5OnMyTBR is a bookish meme hosted by E. @ Local Bee Hunter’s Nook where you chose five books from your to-be-read pile that fit that week’s theme. If you’d like more info, head over to the announcement post!
One of the most recent additions to my reading list is Danish writer Tove Ditlevsen. The first work I have encountered is The Copenhagen Trilogy which I came across through an online bookseller. It piqued my interest because I have read Paul Auster’s The New York Trilogy previously and I have also come across Pedro Juan Gutierrez’s Dirty Havana Trilogy. It was only after buying that book that I learned that it was a memoir, separately published before it was collectively published as a single book. The more I researched about Ditlevsen, the more my interest grew. She is recognized as one of Denmark’s renowned writers. I don’t think I have read any Danish works before, except perhaps for Hans Christian Andersen. I am hoping to break this barrier with Ditlevsen’s memoir but I am also hoping I could get to read her other works.
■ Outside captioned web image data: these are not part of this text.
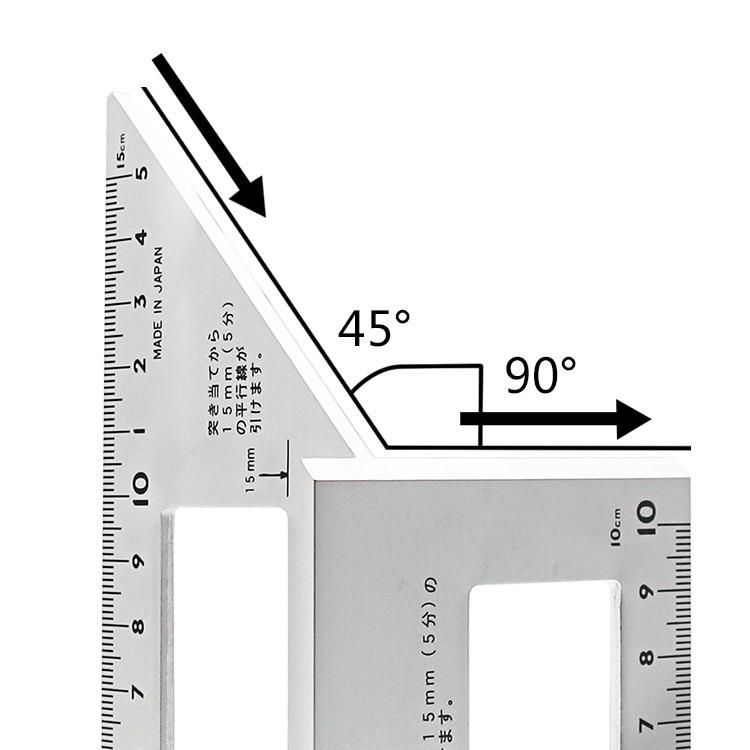 Aluminum Alloy Woodworking Multifunctional Square 45 Degrees 90 Degrees Gauge Angle Protractor Over The Ruler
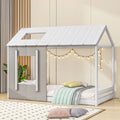 Wood Twin House Platform Bed with Roof and Window, Gray F2951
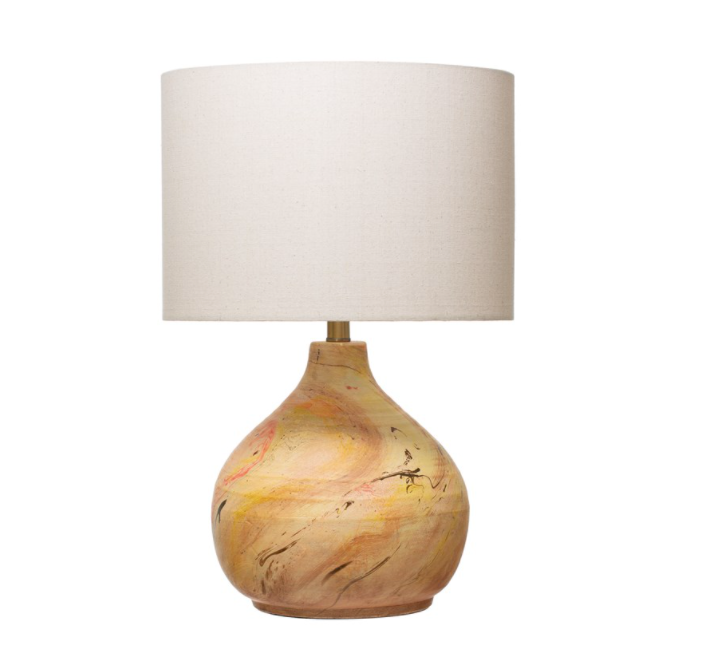 Marbled Terracotta Table Lamp with Shade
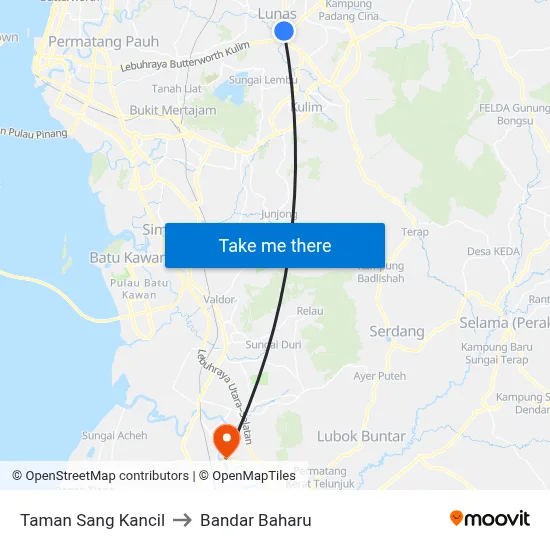 Taman Sang Kancil to Bandar Baharu map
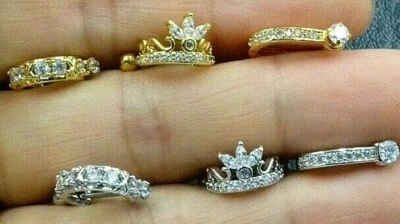 Elegante aro circonita cúbica gema de cristal tragus hélice barra de cartílago perno pendiente perforación 18 g Foto 1 de 3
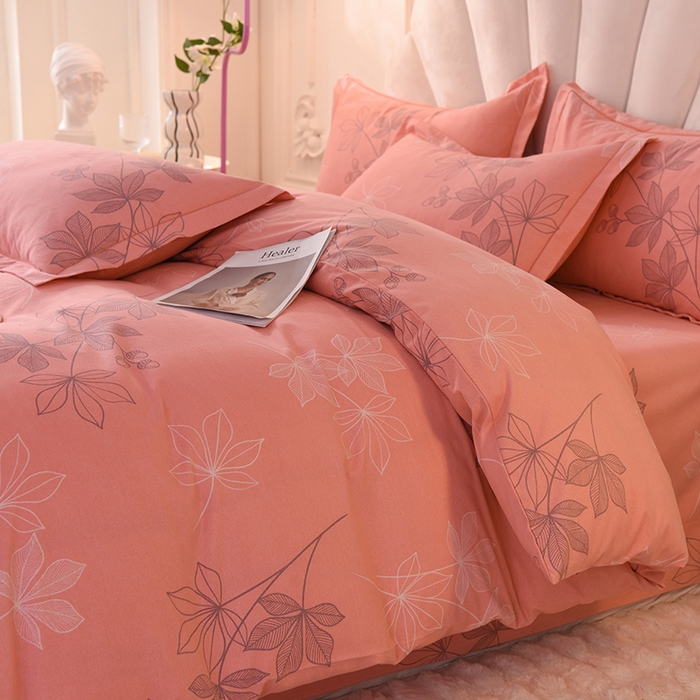 91家纺网 家纺一手货源 找家纺 简如   2025新款全棉磨毛印花四件套（有买家秀提供） 叶影-粉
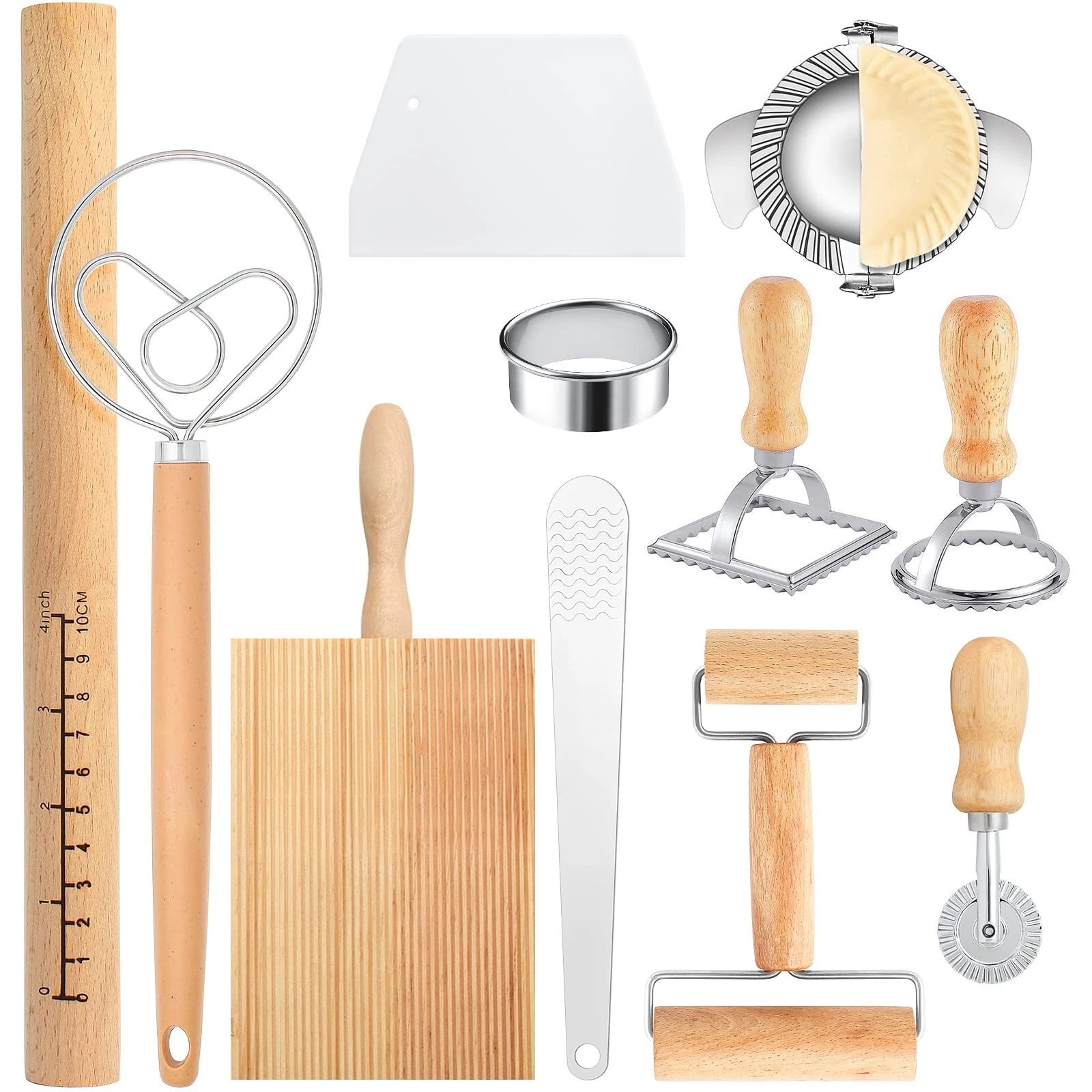 Pasta Making Tools Set 11 PCS Wooden Kit Ravioli Dumpling Lasagna Cookie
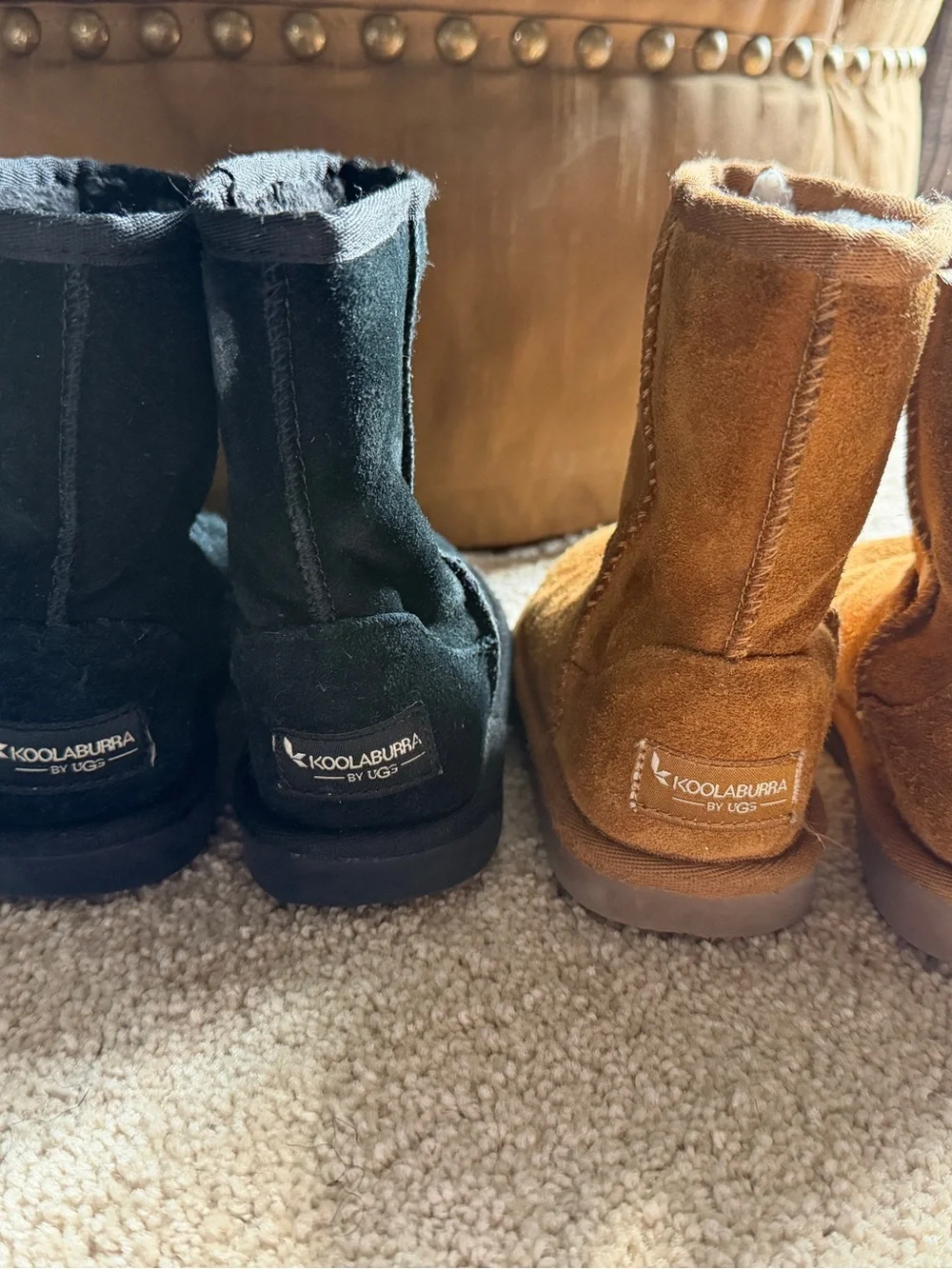 UGG Koolaburra Kids 11 Toddler Black and Chestnut Suede Cozy Boot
It was in early 2020 that I first came across German writer Herta Müller. Some of her works were being sold by an online bookseller. Luckily enough, I managed to snag one of her works, The Hunger Angel. To be honest, what really caught my interest is the fact that Müller won the Nobel Prize Literature in 2009. Upon researching more about her, I learned that she was born in Romania and that she has a very prolific career as an essayist and poet. Apart from The Hunger Angel, her only other work I have encountered was The Passport. Nevertheless, I am looking forward to reading more of her works and I might just include The Hunger Angel in my 2022 Top 22 Reading List.
Tan Twan Eng
After featuring two European writers, here is an Asian writer. It was through a friend that I have come across Malaysian novelist Tan Twan Eng. I am not sure if it was The Garden of Evening Mists or his other work that my friend has read but he gave such glowing account of his prose that I took note of him. Thankfully, I managed to purchase a copy of his work this year and I can’t wait to immerse in his second English novel, which won the 2012 Man Asia Literary Award. I am not sure if I have previously read the work of any Malaysian writer before but lately, I have been slowly dipping my fingers into the works of our South East Asian neighbors. I have already started with Vietnamese and Singaporean writers. This year, I had my first Indonesian novelist in Eka Kurniawan.
Perhaps the novelist who has been on my to-be-read list for the longest time is popular French novelist Marcel Proust. I bought my first Proust book, Swann’s Way about six or seven years ago. However, when I learned that this was the first book of a series, I resolved not to read it until I complete all books in the series, in the same format. In Search of Lost Time (or also Remembrance of Things Past), the series in which Swann’s Way is the first book is comprised of about seven books. Over time, I was able to purchase five more of these books. I am just one book short of completing all volumes. I think it is about time for me to start with the series. With my 900th book over the horizon, I am seriously considering Swann’s Way to be my 900th novel. I also have other books in mind, like The Hunger Angel. I’ll see in a couple of days’ time.
Of course, the list wouldn’t be complete without Abdulrazak Gurnah, the most recent Nobel Laureate in Literature. Up until this year’s awarding ceremony, I have not heard of the Tanzanian writer nor have I encountered any of his works before. Even the Nobel Committee recognized that not many have read his works. I have yet to gain a copy of any of his works; this is always a challenge I guess. I am hoping that my local bookstore will soon have available copies of his works like when Ishiguro won the 2007 Prize. I have also surmised that his works will be a great starting point for more works of Tanzanian writers, well, for most of East Africa. Ngũgĩ wa Thiong’o, in his neighboring Kenya, is another writer whose works I can’t wait to read. Like popular writers Haruki Murakami, and Margaret Atwood, Thiong’o has long been touted as a probable winner for the prestigious literary prize.